Why desperation rises in Iran?


This mobile phone footage shows a young woman in Iran sorting through garbage at the roadside and collecting recyclable waste products like plastic before loading it onto a handcart in order to sell it for a pittance.

The young man who filmed her is heard saying, “This also shows the situation in our country [Iran], a young woman whose collecting recyclable waste.
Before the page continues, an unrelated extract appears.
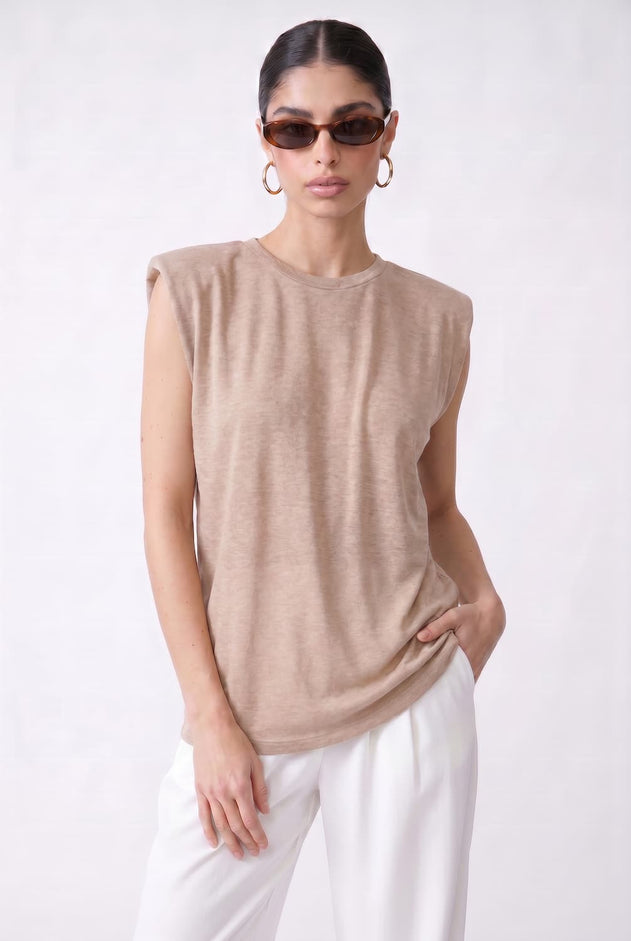magnific__generate-a-luxury-studio-fashion-photo-kneeup-crop__61816.jpg?v=1779880588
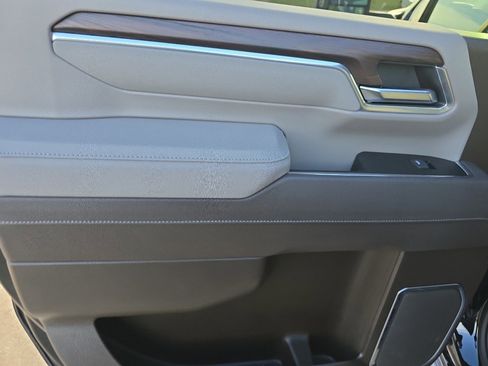 Used 2025 GMC Sierra 2500 SLT w/ SLT Premium Package image 11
Is this fair?”

As poverty and unemployment continue to rise in Iran, the Interior Minister Abdulraza Rahmani Fazli revealed in October that the unemployment level in some Iranian cities has now reached 60 percent, a shocking statistic unprecedented since the period before the 1979 “Iranian revolution”, according to some news websites in the country.

The figures were revealed in the minister’s annual report on the ‘social damage’ resulting from unemployment, copies of which were submitted to the Supreme Leader Khamenei, along with the Speaker of Parliament, and senior figures in the government and the judiciary.
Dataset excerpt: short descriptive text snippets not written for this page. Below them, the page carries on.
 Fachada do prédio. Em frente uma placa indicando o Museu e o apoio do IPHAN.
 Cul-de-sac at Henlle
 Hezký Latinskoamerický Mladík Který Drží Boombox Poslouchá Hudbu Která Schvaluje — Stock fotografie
Speaking at a press conference held on Sunday, October 1, Fazli said that Iranian cities with high unemployment rates also often have high levels of “addiction, marginalization, and divorce” as a result.

The interior minister added that the current average unemployment rate in Iran exceeds 12 percent while the percentage of unemployed in some cities, including those in the Kurdish province of Kermanshah, the Arab Ahwaz region and the Balochi region of Baluchistan, exceeds 60 percent.

Iranian state news agencies last year published damning details of the last report by the interior minister, reporting that 11 million Iranians (from a total population of just over 80 million) were living in marginalized areas, while the total number of registered drug addicts exceeded 1.5 million, and the official number of prisoners incarcerated in the country’s jails was over 600,000. The agencies noted that these figures are catastrophic for a country which exports more than 4.5 million barrels of oil daily.

Iranian political activists and human rights campaigners have accused the government of allocating a large proportion of the country’s oil revenues to support its sectarian militias in Iraq, Syria, and Yemen even while Iranian society suffers from major and increasingly severe economic and social problems.

The interior minister’s latest report revealed that the rate of unemployment among university graduates is extremely high, without going into greater details, although some Iranian websites have reported that more than 21 percent of graduates with Bachelor’s degrees and 15 percent of those with Masters degrees and doctorates are registered as unemployed, with many seeing no way to resolve their problems but to seek work overseas in order to avoid poverty.

The figures for female unemployment, both among graduates and non-graduates are even worse than those for their male counterparts, with Iranian women facing high levels of discrimination. Recent months have seen a tragic and shocking number of suicides among young Iranian women due to the worsening poverty and unemployment in the country.